Mon, December 3, 2007
Ratatouille at the Oscars
The New York Times had a nice piece last week about the staggering critical response to Ratatouille and the Academy Awards conundrum it presents for Disney/Pixar – whether to submit the film for consideration in the Best Animated Feature category, or to aim their sights at Best Picture? I think Pixar has an opportunity to advance a number of goals if they shoot for Best Picture and ignore Best Animated Feature altogether.

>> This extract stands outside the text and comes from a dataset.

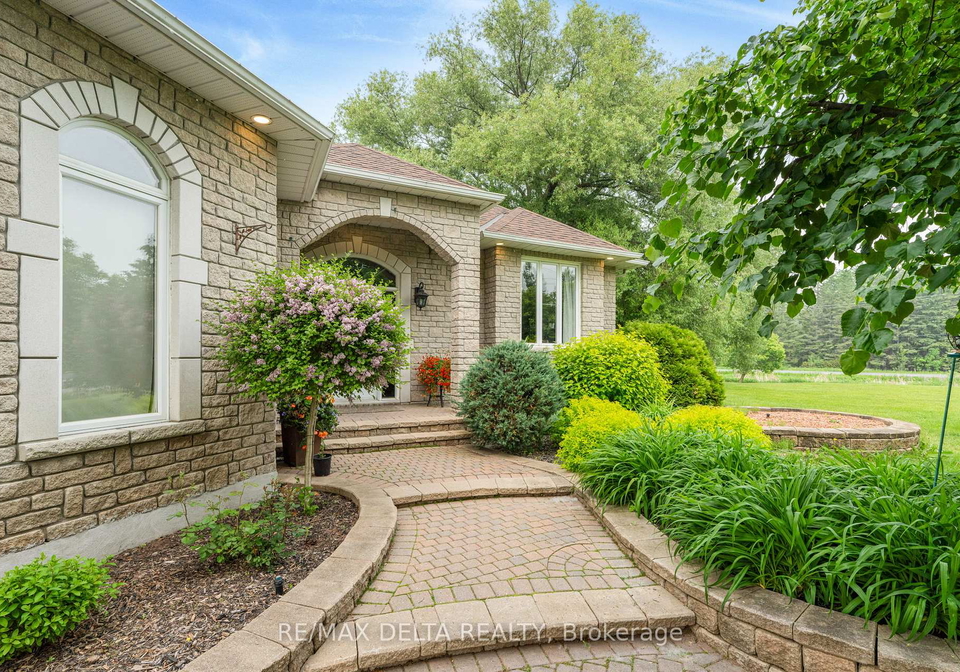 1819-baseline-road-clarence-rockland-ontario-x13052318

For one, I don't think the Oscars should have a Best Animated Feature award, and Pixar agrees with me. It classifies animation as a genre, when it's really an art form. It separates movies into "made with cameras" and "made with animation" – a distinction that shouldn't enter into a discussion of quality, and a distinction that's getting harder and harder to make. Happy Feet had live action and Transformers had plenty of animation. It's great for animated film to be appreciated, but separating it into its own category isn't the way to do that. That just feels like a "Participant" ribbon.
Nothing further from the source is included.